How to put this to work:

Set Expectations Early. Just like the example above and the document from “Executive Sponsorship Agreement,” you want to be direct as to what you are asking for and why you need to have it. The key things that you need from an Executive Sponsor are:

  • Access. His/her assistance on connecting to the right people is very important.
  • Priority. We need to figure out the appropriate level of attention for your organization so that the process is supported.
  • Interest. Communicate with him/her throughout the process and let him/her know what’s happening. Stay connected with updates on the progress.
  • Logjams. If the process bogs down, you must be able to approach the Executive Sponsor and be able to count on his/her assistance.
  • Clarity. There are times when you will need to better understand your Executive Sponsor’s company and its unique culture. If you are confused, you must be able to ask for clarity from the Executive Sponsor.

I have included an example in my earlier Executive Sponsorship post.

Negotiate half-steps when you can’t get full steps. If you can’t get someone to give you the Executive Sponsorship that you request at any step in the process, then you have to get your half-a-loaf. The request sounds like this, “Can you at least do this much for me?” and then make your request. If you are not getting this much commitment, then you are not necessarily lost, but you are losing fast.

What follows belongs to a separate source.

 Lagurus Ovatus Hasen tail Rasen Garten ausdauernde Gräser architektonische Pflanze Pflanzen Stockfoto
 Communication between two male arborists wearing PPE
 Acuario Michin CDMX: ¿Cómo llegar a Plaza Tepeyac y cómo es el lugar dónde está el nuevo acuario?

Don’t proceed without commitment. At every step in the sales process, even the first one, you have to have an Executive Sponsor. Unless your business works on the basis of blind RFP awards, (which if it does, why are you reading about selling? That’s not selling, it’s bidding and hoping), then you cannot win at any step unless you have sponsorship.

Don’t single thread. You need executive sponsorship from everyone who will give it to you. That means that every meeting requires an ask of some fashion for one of the five things stated above. You need them to be able to win, and since we are playing to win, not playing to play, there is no sense in going forward without that sponsorship. By having multiple executive sponsors, you are increasing the potential of success from all of the players and more P.C. is being spent on your behalf.

The best people at securing Executive Sponsorship are the most fearless. They are direct, they are unapologetic in asking for what they need in the sales process and they are quick to explain why not getting what they need is bad for the prospect. Ask early, ask often and ask specifically.